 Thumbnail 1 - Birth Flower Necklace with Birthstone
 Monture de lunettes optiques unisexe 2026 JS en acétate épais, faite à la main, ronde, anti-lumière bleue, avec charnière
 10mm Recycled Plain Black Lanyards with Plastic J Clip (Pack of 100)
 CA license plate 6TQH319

== == ==

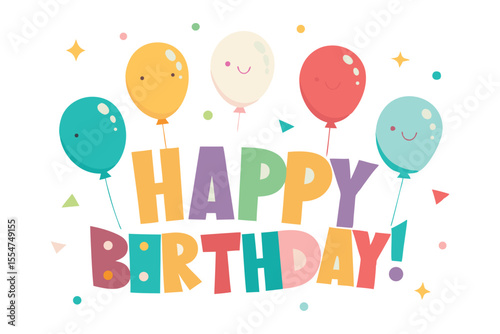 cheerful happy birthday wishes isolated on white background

== == ==

▶ [What you have to do]: Among the entries above, the lines between the ones containing "Thumbnail 1 - Birth" and "CA license plate 6TQH319", inclusive, are to be transcribed exactly. No other line is to be given.

▶ [Result of the exercise]:
 Thumbnail 1 - Birth Flower Necklace with Birthstone
 Monture de lunettes optiques unisexe 2026 JS en acétate épais, faite à la main, ronde, anti-lumière bleue, avec charnière
 10mm Recycled Plain Black Lanyards with Plastic J Clip (Pack of 100)
 CA license plate 6TQH319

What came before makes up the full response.